Dementia: What Is It and Why Is It Common among Women
Dementia refers to the loss of cognitive ability in an individual either because of global brain injury or some disease that results in memory loss. Dementia can actually be cured in care facilities, like Seasons Memory Care, however as the disease develop the symptoms becomes untreatable. The truth is that amongst women, dementia is now the 3rd leading cause of death as well as it is the 6th leading cause of death amongst all people. Dementia is a great concern amongst the elderly today and preventing this disease is going to be much more important to our society now that the elderly is set to go on a major expansion in a few years.
Among the elderly population aged 90 and over, there seems to a strong connection between poor physical performance and occasions of dementia. This is mostly because of the fact that advanced dementia will impact certain parts of the brain that affect both coordination and movement. The older a person gets, the higher the risk of dementia becomes as well. This study might not come as a surprise to a lot of people, however the segment of population that has reached this advanced age is not really studied well.

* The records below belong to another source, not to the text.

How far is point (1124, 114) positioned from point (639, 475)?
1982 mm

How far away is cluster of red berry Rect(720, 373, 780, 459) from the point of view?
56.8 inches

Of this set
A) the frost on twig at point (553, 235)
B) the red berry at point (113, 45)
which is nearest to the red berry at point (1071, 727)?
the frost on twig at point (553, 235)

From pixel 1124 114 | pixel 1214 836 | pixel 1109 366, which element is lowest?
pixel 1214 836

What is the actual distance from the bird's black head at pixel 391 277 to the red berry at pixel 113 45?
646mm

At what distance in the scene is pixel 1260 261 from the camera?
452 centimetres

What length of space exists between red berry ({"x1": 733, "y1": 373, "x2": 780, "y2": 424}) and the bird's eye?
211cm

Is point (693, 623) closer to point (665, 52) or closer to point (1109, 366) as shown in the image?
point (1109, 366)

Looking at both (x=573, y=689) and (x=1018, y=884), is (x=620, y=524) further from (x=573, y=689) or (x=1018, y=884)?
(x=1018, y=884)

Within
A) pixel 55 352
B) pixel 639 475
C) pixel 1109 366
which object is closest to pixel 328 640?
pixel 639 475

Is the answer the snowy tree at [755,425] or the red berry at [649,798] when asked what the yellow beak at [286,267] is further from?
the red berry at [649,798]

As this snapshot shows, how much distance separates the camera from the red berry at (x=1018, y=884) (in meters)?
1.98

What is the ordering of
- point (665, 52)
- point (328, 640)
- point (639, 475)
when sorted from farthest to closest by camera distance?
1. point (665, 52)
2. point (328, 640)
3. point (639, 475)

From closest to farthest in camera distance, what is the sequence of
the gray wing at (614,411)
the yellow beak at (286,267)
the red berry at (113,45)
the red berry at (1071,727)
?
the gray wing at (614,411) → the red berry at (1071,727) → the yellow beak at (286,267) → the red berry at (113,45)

Women live longer than men, and there are studies claiming that women are at a higher risk of getting dementia like Alzheimer’s disease compare to men. Caretakers who work in nursing homes, such as Seasons Memory Care, usually have more women patients with dementia compared to men. Moreover, women have different memory characteristic as compared to men. Generally, women can recall verbal items such as words more easily. So, women who are in there early stages of dementia have a better verbal memory compared to men. Despite of having dementia, some doctors won’t know it because the first test is verbal memory. Hence, there could be multiple number of women going undiagnosed. Furthermore, men and women have different experiences of dementia. Although both lose their memories and judgement as well as have a hard time communicating with other, the disease seems to progress quicker in women. These differences is very noticeable in care facilities such as Seasons Memory Care. Women also develop memory impairment sooner than men.
The repercussions of this is quite obvious. Constant exercise can a big help in order to help prevent dementia. Many assisted-living homes, such as Seasons Memory Care, encourage aerobic exercise which helps activate the brain cells to keep them functioning. It enables brain cell plasticity which helps the brain work effectively and more flexibly.